Self Published Book Review: The Book of Thoth by Paul Leone

If you have a book you’d like me to review, please see the submission guidelines here.

Book_of_ThothConsidering my dislike of vampires, I seem to review a lot of books about them. Either vampires are hard to avoid or I just can’t help myself. Paul Leone’s The Book of Thoth is part of his Vatican Vampire Hunters series. As you might guess by the name of the series, Mr. Leone does not shy away from religious themes. Or vampires. In his series, vampires are literally demons escaped from Hell, occupying the bodies of the dead. This explains why they so hate and fear anything sacred, whether it be holy water, crucifixes, churches, or even the blood of the righteous.

Nicole van Wyck is an heiress who has no interest in going into the family business and who is rapidly losing interest in the clubs and parties all her friends are involved in. Her life is threatening to become the aimless drifting of so many of the rich and irresponsible. That is, until she friends meets her first vampire.
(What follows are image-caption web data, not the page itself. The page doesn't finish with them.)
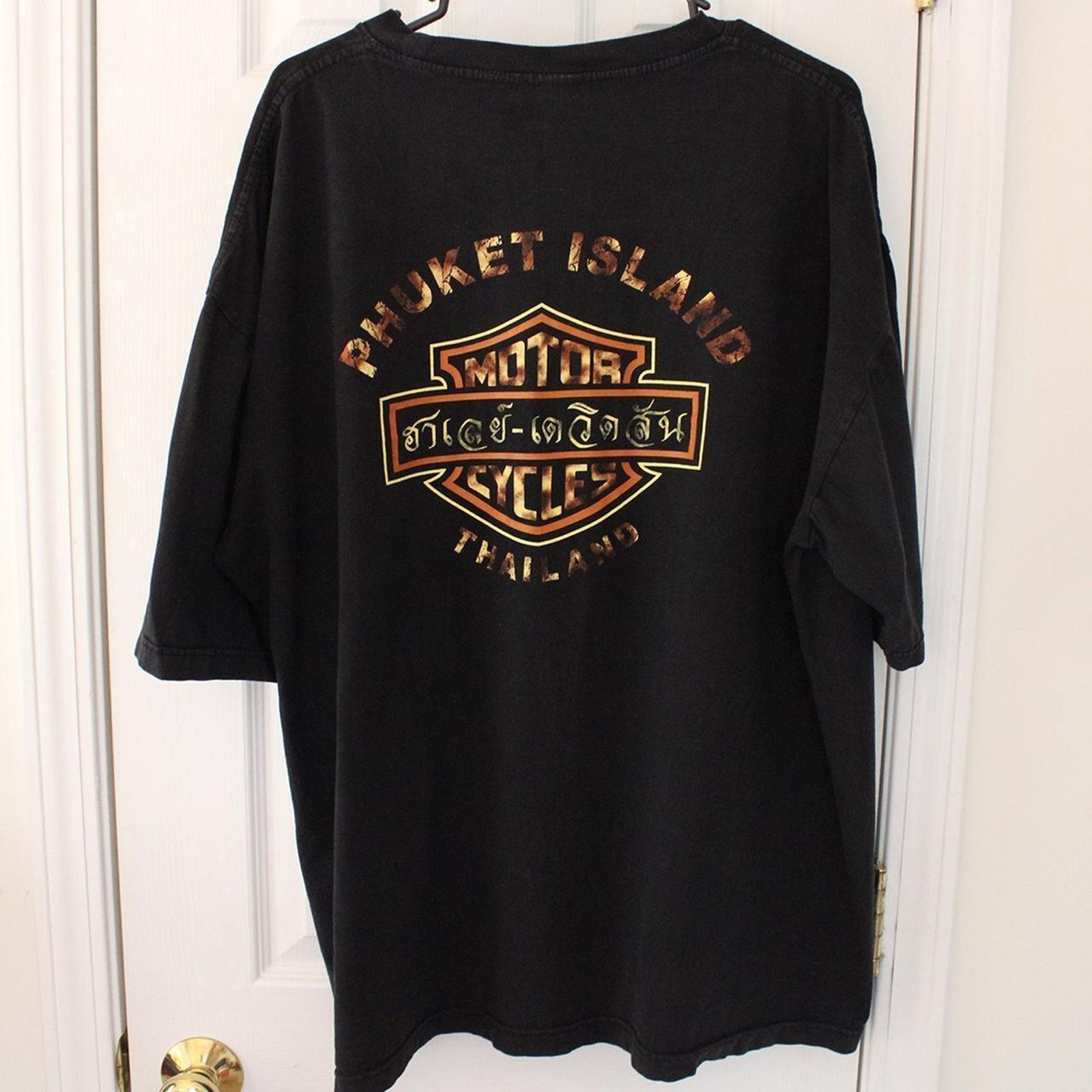 Harley Davidson Vintage 90s Black Thailand Harley Davidson Graphic Tee Size US XL / EU 56 / 4 - 4 Thumbnail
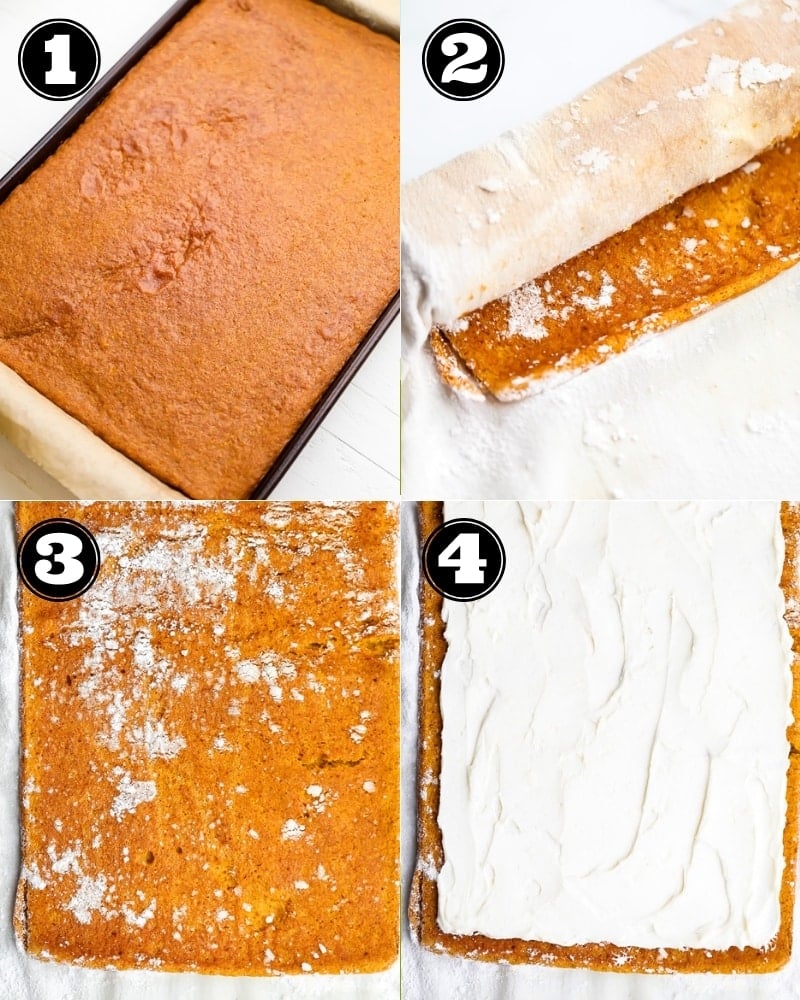 collage of how to make vegan pumpkin roll step by step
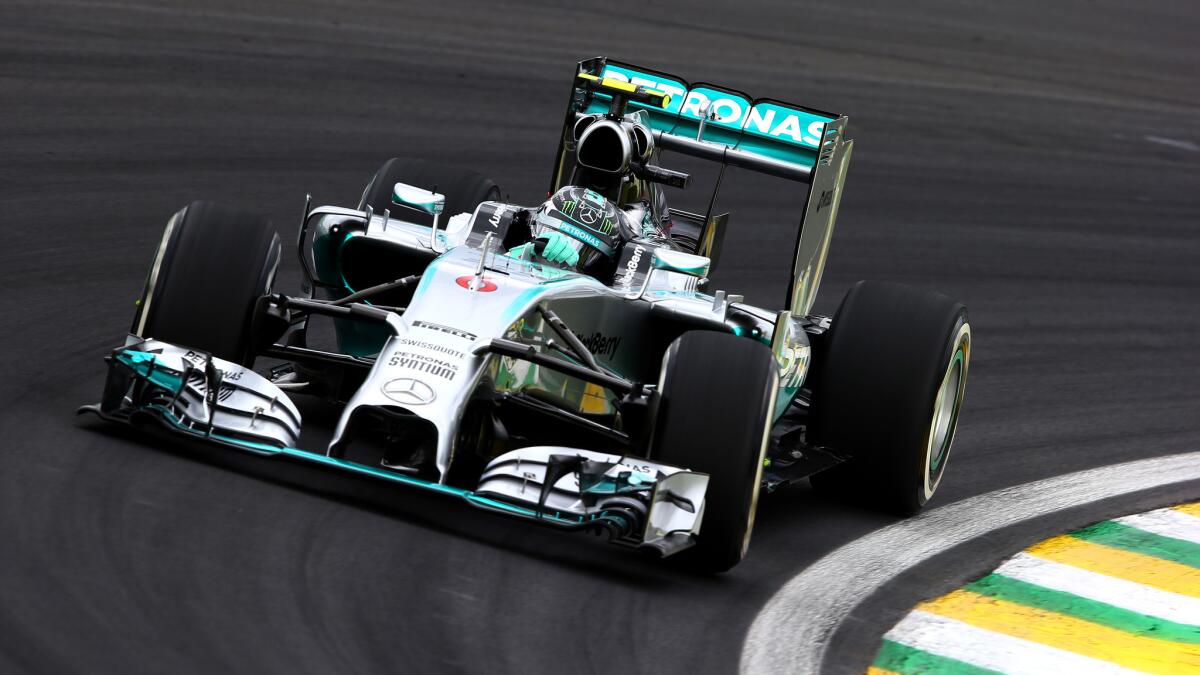 Mercedes driver Nico Rosberg competes during qualifying Saturday for Sunday's Brazilian Grand Prix.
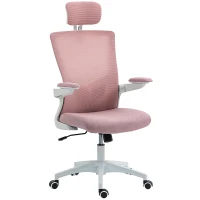 HOMCOM Ergonomic Office Chair, Swivel Desk Chair with Adjustable Lumbar Support, Headrest and Height, Flip-up Armrests, Pink(m-2)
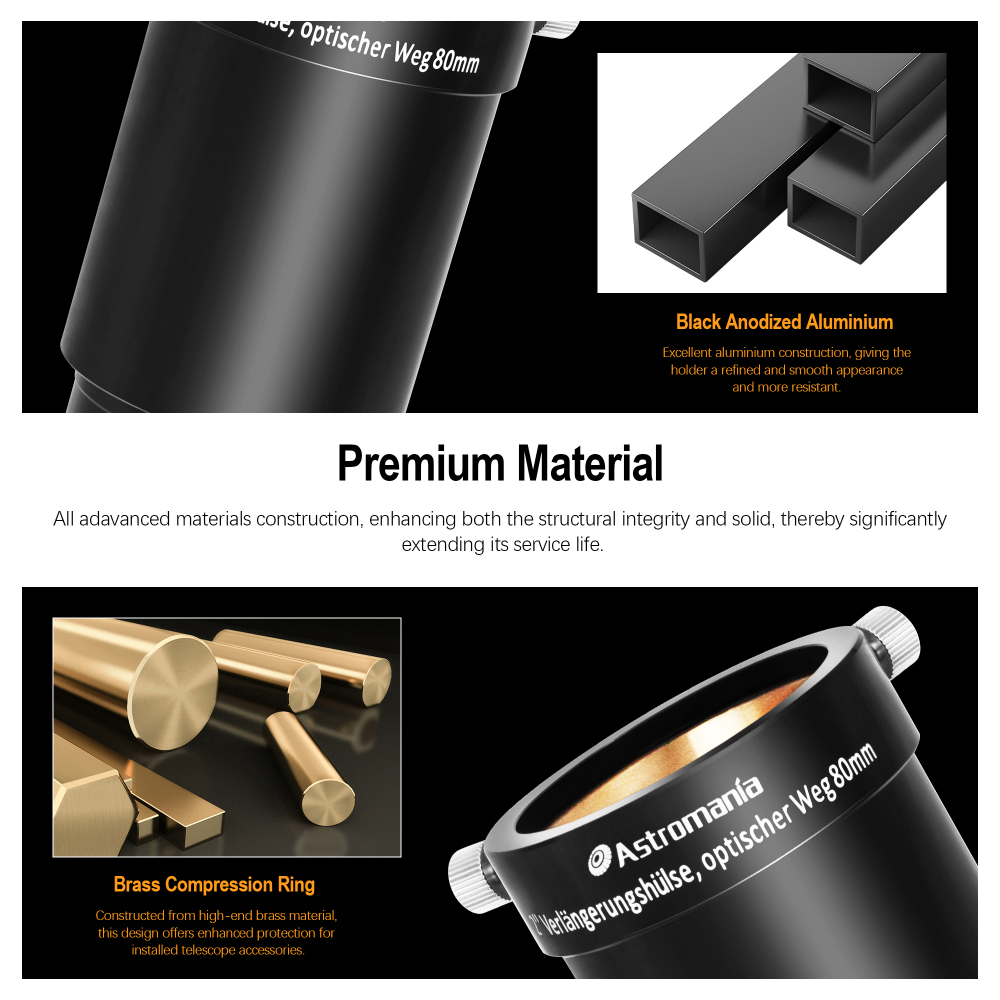 Astromania 2-Inch Telescope Eyepiece Extension Tube Adapter - Optical Length 80mm - With Standand 2-Inch Filter Threads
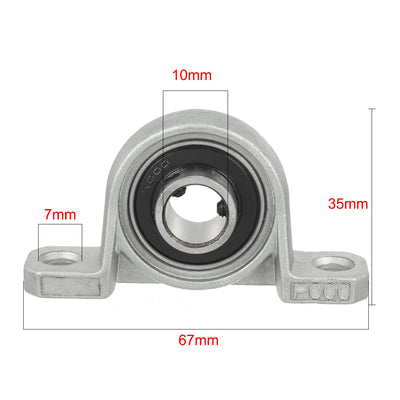 Harfington Uxcell 4pcs KP000 10mm Bore Zinc Alloy Inner Ball Mounted Pillow Block Insert Bearing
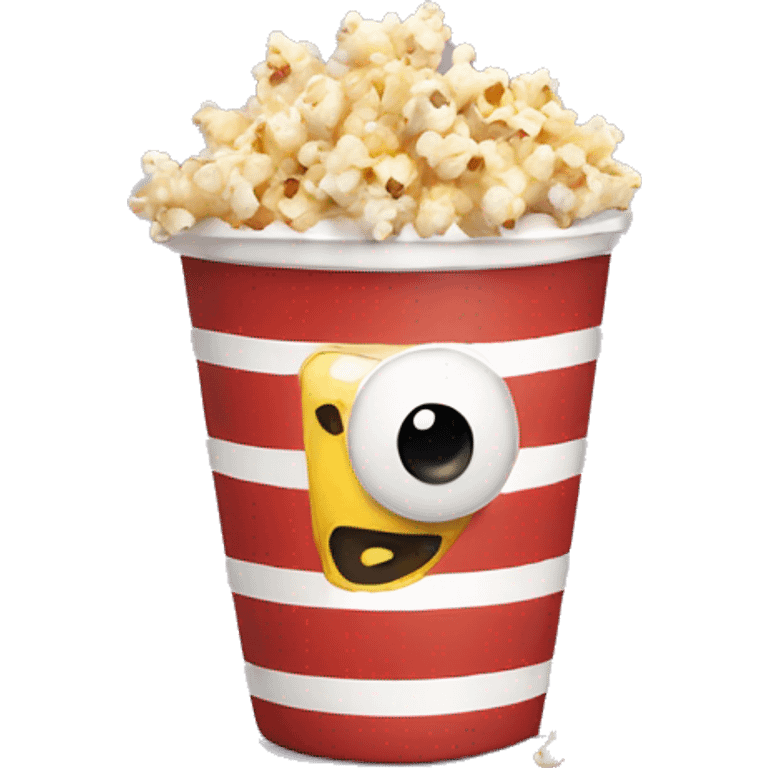 Popcorn in a striped cup with a TV emoji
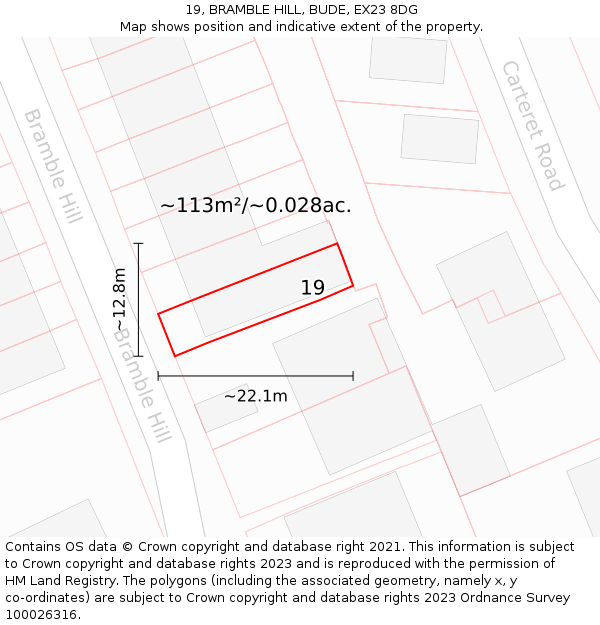 19, BRAMBLE HILL, BUDE, EX23 8DG: Plot and title map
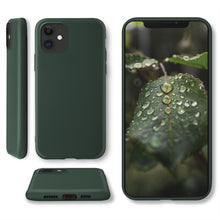 Lade das Bild in den Galerie-Viewer, Moozy Lifestyle. Designed for iPhone 12, iPhone 12 Pro Case, Dark Green - Liquid Silicone Cover with Matte Finish and Soft Microfiber Lining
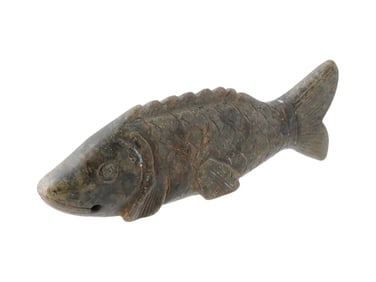 ANCIENT EGYPTIAN HAND CARVED STONE FISH PENDANT 600 BC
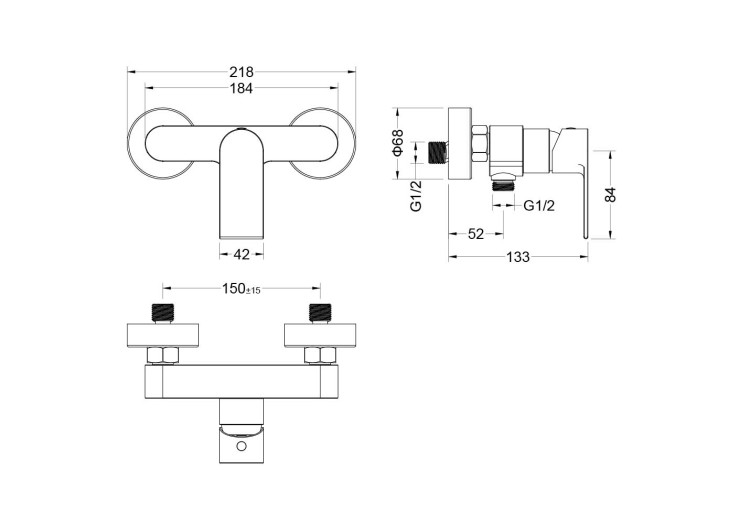 Смеситель для душа Aquatek, матовый черный AQ1460MB ЛИРА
Fortunately for her, the vampire is being tracked by a group of church-sponsored hunters, who chase it away with no one the wiser. Except for Nicole, who suspects that there’s more going on than the friends who are with her realize. When she does track down the hunters, they make her an offer to join them and Nicole concludes that if vampires are real, then fighting them is not optional.

Nicole is certainly not another vapid heiress. She works hard, whether tracking down a mystery or training to fight vampires. She also has a strong moral center, which comes through both in how readily she leaps into the fight and in how she is willing to argue against her own team when they cross the line. Nicole is certainly a capable heroine, but she and her fellow hunters are not facing run of the mill vampires, but a veritable count of Hell, Count d’Aubert, and his very dangerous minion, Alice. The demons in dead flesh are after the titular Book of Thoth, which holds the secrets of Satan himself. To do that, they must gather three keys to open up the book’s hiding place.